Identification of aa 100-200 as the transcriptional activation domain for WC-1.

(A) Schematic depiction of the domain architecture of the WC-1 protein. WC-1 contains 1,167 amino acids and black bars with corresponding numbers of amino acids represent different deletions of the N-terminal region of WC-1. AUG(long) and AUG(short) mark the beginnings of long and short forms of WC-1; PolyQ, putative transcription activation domain; LOV, light, oxygen, or voltage domain containing FAD chromophore binding site; PAS, Per-Arnt-Sim domain mediating interaction with WC-2; NLS, putative nuclear localization signal; Zn, zinc finger DNA-binding domain (B) Racetube analyses of wild-type (WT) and WC-1 deletion strains. Period is reported in hours ± one standard deviation, n = number of racetubes.
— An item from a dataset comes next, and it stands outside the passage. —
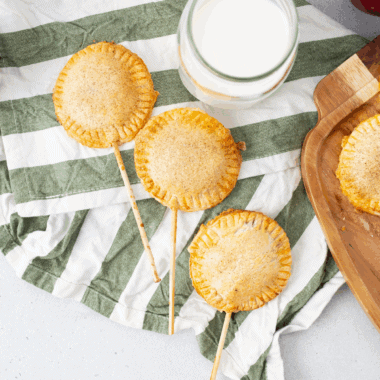 Easy Air Fryer Apple Pop Tarts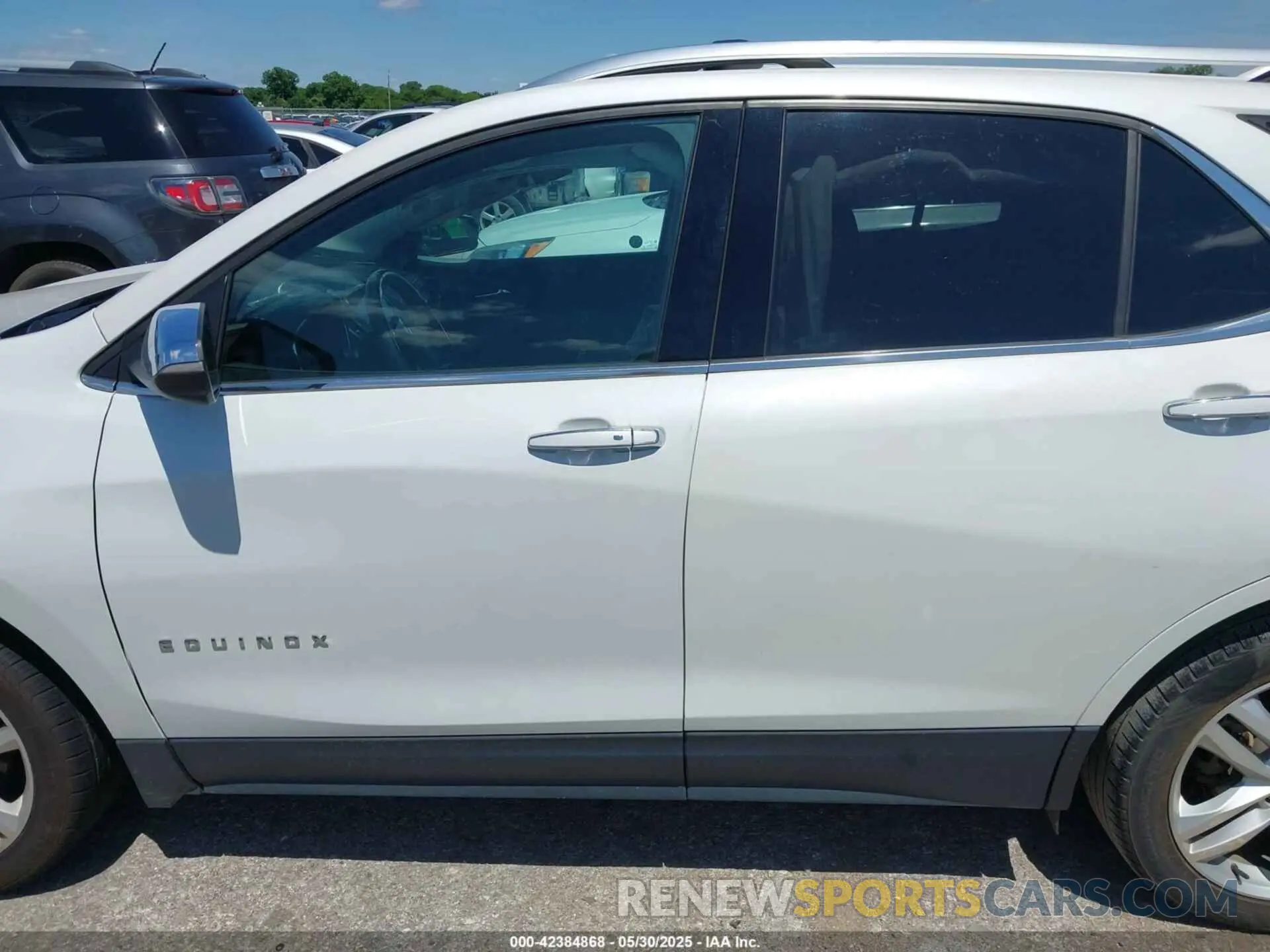 13 Photograph of a damaged car 2GNAXPEX4L6224809 CHEVROLET EQUINOX 2020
Replicate tubes are shown, and the vertical black lines in racetubes mark daily growth fronts of the strains. 328-4 (ras-1bd A) served as the WT. Strains bearing deletions of both polyQs (Δ16-57 and 1097-1128), Δ1-100, and Δ201-300 showed WT circadian periods. Strains lacking aa 100-200 (Δ1-200, Δ1-300, and Δ101-200) are arrhythmic (C) Results from quantitative RT-PCR analysis of frq and wc-1 mRNA levels in WT and in the wc-1 deletion strains noted. (D) Western blot showing expression levels of WC-1 and FRQ in WT and wc-1 mutants. LL, constant light; DD, hours after the light to dark transition; CT, circadian time. Both WT WC-1 and mutants were C-terminally tagged with V5. Δ101-200 showed a significant decrease of frq expression and further deletion of aa 1-200 or 1-300 further dimished frq expression. Elimination of the two polyQs (Δ16-57 and 1097-1128; four progeny of identical genetype from one cross are shown) had no impact on FRQ level at CT5.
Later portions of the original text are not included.